Only the lines in the entries below from the line with "2 bedroom detached" to the line with "3 bedroom semi-detached", both included, belong in the answer, transcribed exactly and without pictures.

#### Material to process
* * * * * * * * *
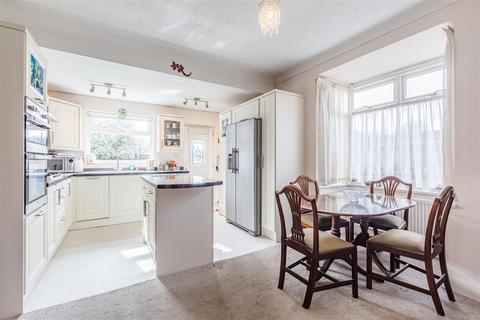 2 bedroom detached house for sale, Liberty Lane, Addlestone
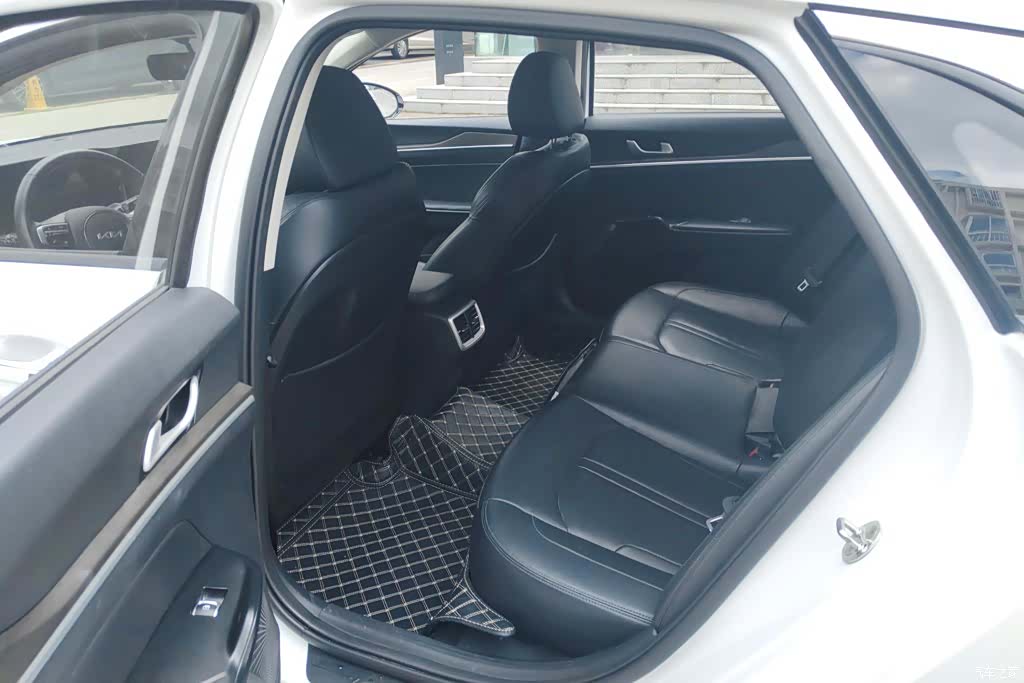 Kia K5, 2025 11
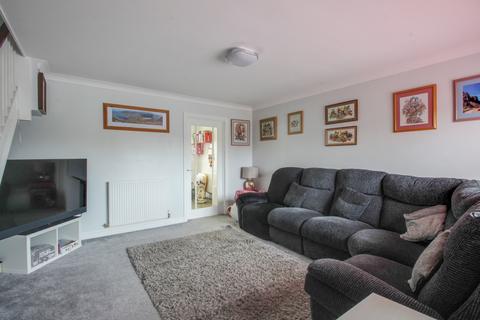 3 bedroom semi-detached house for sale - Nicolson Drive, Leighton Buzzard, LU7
* * * * * * * * *
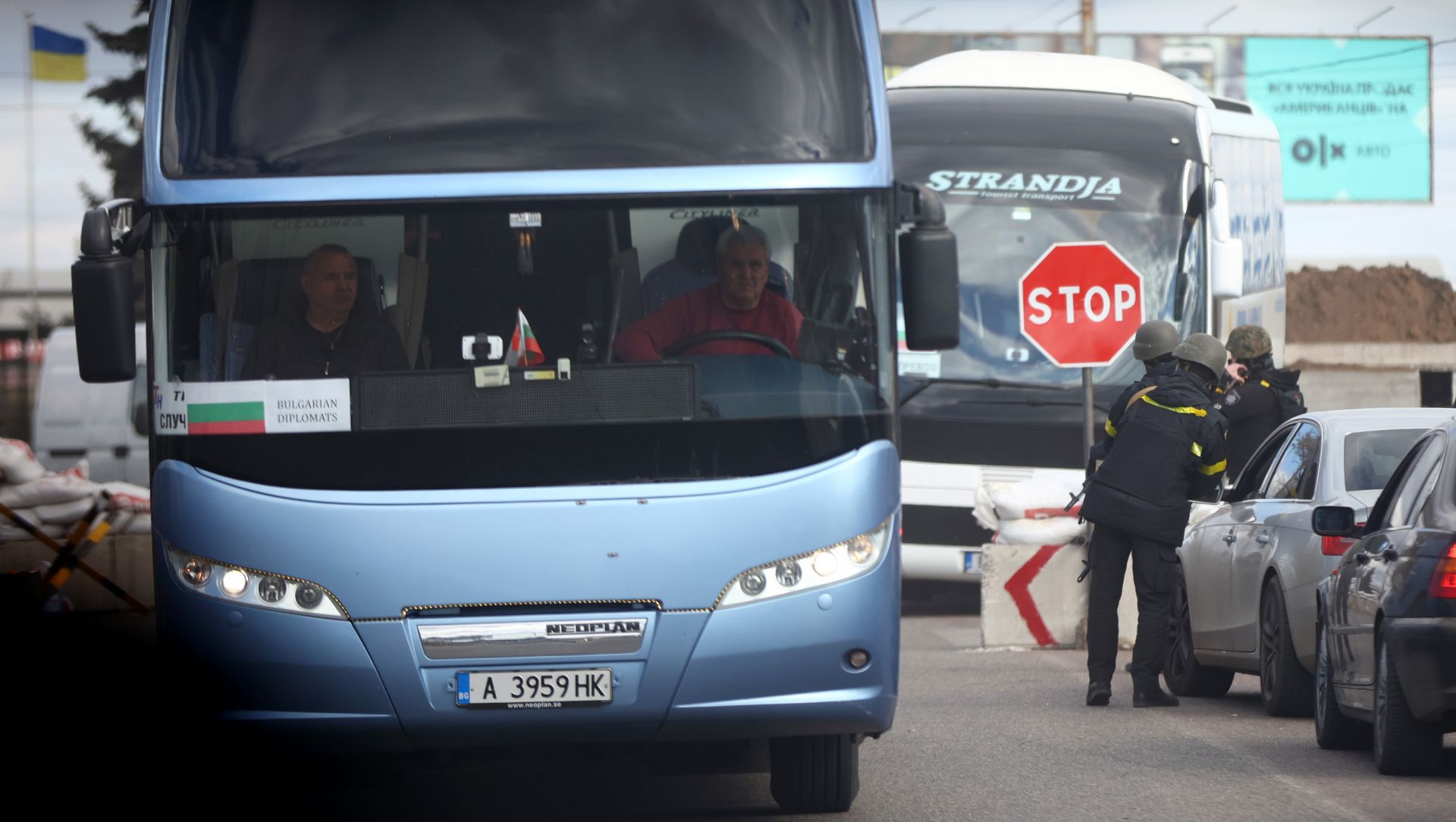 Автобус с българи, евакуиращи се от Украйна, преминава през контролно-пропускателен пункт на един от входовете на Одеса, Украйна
* * * * * * * * *
#### Completed exercise
 2 bedroom detached house for sale, Liberty Lane, Addlestone
 Kia K5, 2025 11
 3 bedroom semi-detached house for sale - Nicolson Drive, Leighton Buzzard, LU7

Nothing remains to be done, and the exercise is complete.